[Stored items]
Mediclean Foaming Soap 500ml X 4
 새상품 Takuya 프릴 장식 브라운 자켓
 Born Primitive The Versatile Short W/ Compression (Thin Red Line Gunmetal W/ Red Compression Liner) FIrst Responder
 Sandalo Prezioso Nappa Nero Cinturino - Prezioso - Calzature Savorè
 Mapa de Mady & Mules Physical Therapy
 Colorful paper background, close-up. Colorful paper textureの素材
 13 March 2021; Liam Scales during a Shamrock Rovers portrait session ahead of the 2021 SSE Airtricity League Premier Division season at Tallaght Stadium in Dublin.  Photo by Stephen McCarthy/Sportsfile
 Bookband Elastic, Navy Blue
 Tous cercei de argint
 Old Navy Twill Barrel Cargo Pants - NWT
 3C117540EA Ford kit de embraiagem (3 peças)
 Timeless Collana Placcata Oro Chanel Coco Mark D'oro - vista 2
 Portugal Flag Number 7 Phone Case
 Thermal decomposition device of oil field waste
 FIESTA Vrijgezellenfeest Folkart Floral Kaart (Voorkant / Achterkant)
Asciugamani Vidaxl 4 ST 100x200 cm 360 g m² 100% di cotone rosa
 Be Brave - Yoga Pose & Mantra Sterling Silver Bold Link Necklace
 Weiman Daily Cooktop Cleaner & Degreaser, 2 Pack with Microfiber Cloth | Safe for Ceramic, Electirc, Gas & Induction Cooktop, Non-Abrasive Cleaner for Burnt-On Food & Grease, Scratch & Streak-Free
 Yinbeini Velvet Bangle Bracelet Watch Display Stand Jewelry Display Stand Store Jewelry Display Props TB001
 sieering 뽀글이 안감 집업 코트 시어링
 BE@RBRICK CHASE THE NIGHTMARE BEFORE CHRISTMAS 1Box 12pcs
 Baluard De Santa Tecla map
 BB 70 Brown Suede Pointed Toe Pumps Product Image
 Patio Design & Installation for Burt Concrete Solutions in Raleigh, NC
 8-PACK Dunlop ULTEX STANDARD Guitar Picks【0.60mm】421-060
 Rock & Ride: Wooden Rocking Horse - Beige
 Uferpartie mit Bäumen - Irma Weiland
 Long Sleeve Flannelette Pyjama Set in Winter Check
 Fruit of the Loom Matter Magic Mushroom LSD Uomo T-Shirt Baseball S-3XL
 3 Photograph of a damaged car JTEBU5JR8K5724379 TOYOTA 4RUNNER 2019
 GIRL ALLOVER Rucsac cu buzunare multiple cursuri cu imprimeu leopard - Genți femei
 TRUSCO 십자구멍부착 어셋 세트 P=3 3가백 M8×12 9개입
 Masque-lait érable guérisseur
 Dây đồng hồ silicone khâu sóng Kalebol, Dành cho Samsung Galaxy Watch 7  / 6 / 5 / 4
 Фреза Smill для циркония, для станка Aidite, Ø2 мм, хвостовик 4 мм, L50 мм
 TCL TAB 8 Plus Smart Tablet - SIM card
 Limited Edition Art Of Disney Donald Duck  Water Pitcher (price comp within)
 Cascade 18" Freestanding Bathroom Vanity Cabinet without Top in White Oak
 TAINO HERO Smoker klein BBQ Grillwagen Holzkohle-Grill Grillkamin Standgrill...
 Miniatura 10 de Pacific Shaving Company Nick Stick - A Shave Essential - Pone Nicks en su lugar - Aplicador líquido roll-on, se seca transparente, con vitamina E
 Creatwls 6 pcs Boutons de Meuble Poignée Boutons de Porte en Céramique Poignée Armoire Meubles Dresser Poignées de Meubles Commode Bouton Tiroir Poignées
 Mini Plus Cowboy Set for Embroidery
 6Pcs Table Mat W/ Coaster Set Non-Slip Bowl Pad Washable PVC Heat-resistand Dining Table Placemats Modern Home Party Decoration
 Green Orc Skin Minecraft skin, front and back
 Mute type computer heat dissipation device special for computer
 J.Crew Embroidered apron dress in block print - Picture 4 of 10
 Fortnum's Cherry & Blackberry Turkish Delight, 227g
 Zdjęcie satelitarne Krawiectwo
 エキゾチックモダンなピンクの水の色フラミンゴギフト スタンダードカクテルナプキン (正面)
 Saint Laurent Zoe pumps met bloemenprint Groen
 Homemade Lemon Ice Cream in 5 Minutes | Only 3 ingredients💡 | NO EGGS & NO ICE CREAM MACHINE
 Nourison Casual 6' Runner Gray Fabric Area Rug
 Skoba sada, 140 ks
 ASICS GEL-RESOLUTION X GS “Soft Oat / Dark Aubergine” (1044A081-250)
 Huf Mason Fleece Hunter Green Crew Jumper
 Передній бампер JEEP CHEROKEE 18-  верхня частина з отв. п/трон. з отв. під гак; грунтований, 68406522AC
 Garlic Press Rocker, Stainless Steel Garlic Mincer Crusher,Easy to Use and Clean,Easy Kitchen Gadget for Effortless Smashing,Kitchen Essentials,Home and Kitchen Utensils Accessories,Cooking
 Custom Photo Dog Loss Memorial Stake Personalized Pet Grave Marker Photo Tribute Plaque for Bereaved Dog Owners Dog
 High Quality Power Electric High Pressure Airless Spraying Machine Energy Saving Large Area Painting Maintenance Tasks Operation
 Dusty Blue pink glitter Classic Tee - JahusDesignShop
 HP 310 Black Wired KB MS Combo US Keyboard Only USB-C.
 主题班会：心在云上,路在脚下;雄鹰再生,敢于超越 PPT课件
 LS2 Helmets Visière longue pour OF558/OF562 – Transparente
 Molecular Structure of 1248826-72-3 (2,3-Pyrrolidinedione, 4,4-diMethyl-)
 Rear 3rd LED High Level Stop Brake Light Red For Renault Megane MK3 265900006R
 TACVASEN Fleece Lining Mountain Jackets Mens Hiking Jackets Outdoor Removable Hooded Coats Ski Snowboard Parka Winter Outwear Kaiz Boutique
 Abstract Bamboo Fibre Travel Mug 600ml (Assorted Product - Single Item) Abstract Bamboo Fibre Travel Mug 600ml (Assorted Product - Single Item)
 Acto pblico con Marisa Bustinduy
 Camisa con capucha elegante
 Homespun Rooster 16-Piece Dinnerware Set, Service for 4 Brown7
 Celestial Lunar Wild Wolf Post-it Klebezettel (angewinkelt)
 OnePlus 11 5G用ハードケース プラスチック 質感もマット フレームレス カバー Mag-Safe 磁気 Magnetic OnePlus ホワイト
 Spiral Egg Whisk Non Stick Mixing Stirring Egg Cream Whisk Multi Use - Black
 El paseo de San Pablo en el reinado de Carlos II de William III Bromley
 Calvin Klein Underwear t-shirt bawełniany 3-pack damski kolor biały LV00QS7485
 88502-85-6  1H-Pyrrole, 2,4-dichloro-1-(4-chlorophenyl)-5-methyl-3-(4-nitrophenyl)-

§ **YOUR TASK**:
Within the data above, the lines from the one with "OnePlus 11 5G用ハードケース" to the one with "Calvin Klein Underwear" must be repeated exactly; no other line belongs in the answer.

§ **ANSWER TO THIS TASK**:
 OnePlus 11 5G用ハードケース プラスチック 質感もマット フレームレス カバー Mag-Safe 磁気 Magnetic OnePlus ホワイト
 Spiral Egg Whisk Non Stick Mixing Stirring Egg Cream Whisk Multi Use - Black
 El paseo de San Pablo en el reinado de Carlos II de William III Bromley
 Calvin Klein Underwear t-shirt bawełniany 3-pack damski kolor biały LV00QS7485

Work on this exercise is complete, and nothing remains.